I'm Ron Hutchcraft, and I want to have A Word With You today about "Pulling the Plug On the Scoreboard."
Our word for today from the Word of God comes from 1 Peter 4:9, "Above all, love each other deeply because love covers a multitude of sins." Okay, now God starts off by saying, "above all," and the man through whom He's writing, Peter, gives an interesting description of what Christian love is in very practical terms. It's something that covers a multitude of sins. Now think of the opposite - un-love doesn't overlook any sin, any mistake, any offense.
See, the problem is this score keeping thing. We tend to keep score in our relationships, we rack up a negative point when someone fails us, or hurts us, or slights us, or in any way blows it. It was Peter who asked Jesus how many times he was expected to not score things someone did against them, to forgive them. Jesus said, "Seventy times seven." Let it go 490 times! By that time, who's counting anyway?
Maybe a relationship of yours is suffering because you've been keeping score with your mate, your son, your daughter, your parent? Maybe you've been racking up points against your friend, or your co-worker, or that person at church? And when they do something that bothers you or hurts you, you kind of figuratively roll your eyes and say, "There they go again." And you put another mark against them on your negative scoreboard.

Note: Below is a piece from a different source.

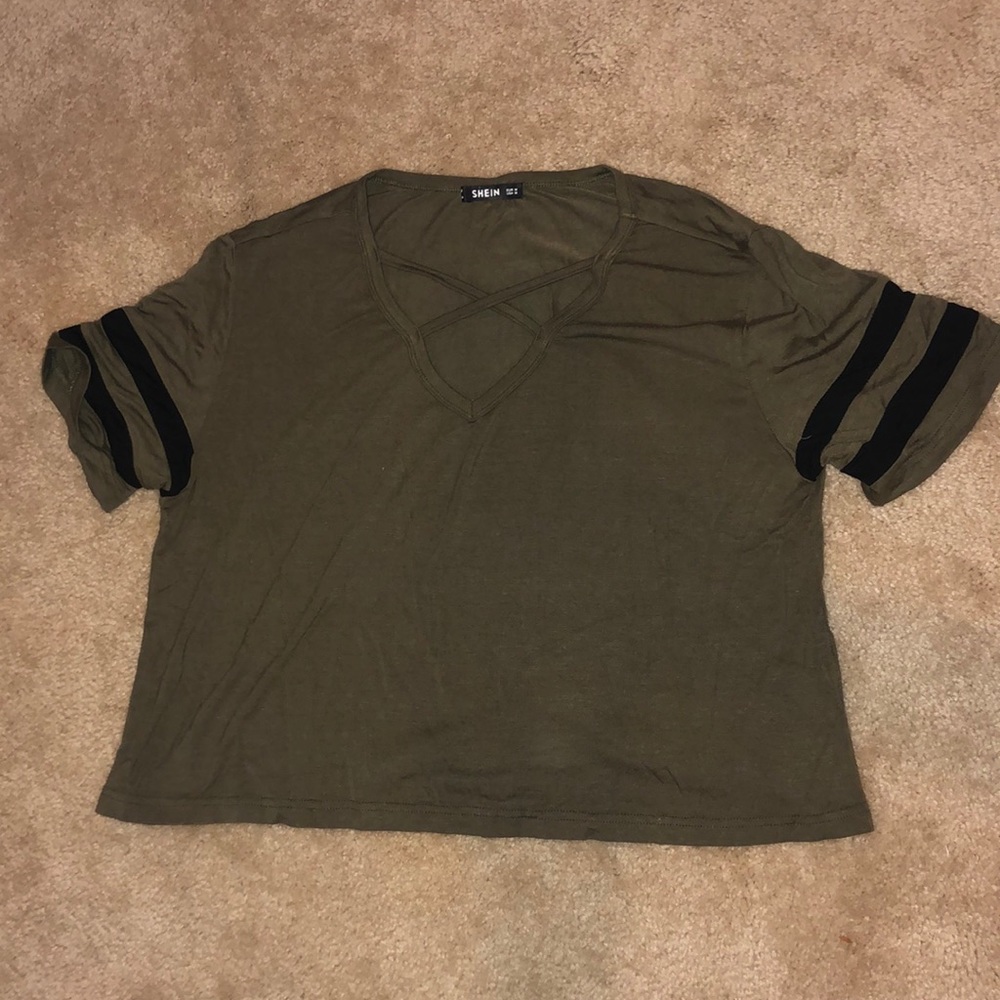 Green top with cross front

In fact, those marks ultimately become a negative filter through which you view everything that person does. They can't do anything right now - even their good is explained away or it's unrecorded because it doesn't fit your negative grid; your negative narrative. Now, could it be that you keep bringing up those negatives, especially to make your point? Someone you're supposed to be loving might be drowning in your critical comments, your judgmental attitude, your negative assumptions.
The man who wrote these words, Simon Peter, experienced this kind of forgiving love himself. Remember he totally let his Lord down, denied Him three times in Jesus' greatest hour of need, but he found that Jesus did not hold that against him. In fact, when he finally got together with Peter individually after His resurrection, Jesus said, "Do you love Me?" Not, "Why did you fail me?" "Do you love Me?" That's all He wanted to know.
That's how Jesus is treating you, and now He's asking you to treat other people with the same kind of grace and mercy. Not to treat them in the way that they have treated you, but to treat them in the way that Jesus has treated you... and Jesus has had a lot more to forgive than you ever will. Colossians 3:13 says it so well, "Forgive, as the Lord forgave you."
It's time to put the scoreboard away isn't it? Like your Lord has done with you. Remember, un-love notices and records ever slight, every problem, every mistake. But we're servants of a Savior who makes us into people who love as He does - without a scoreboard.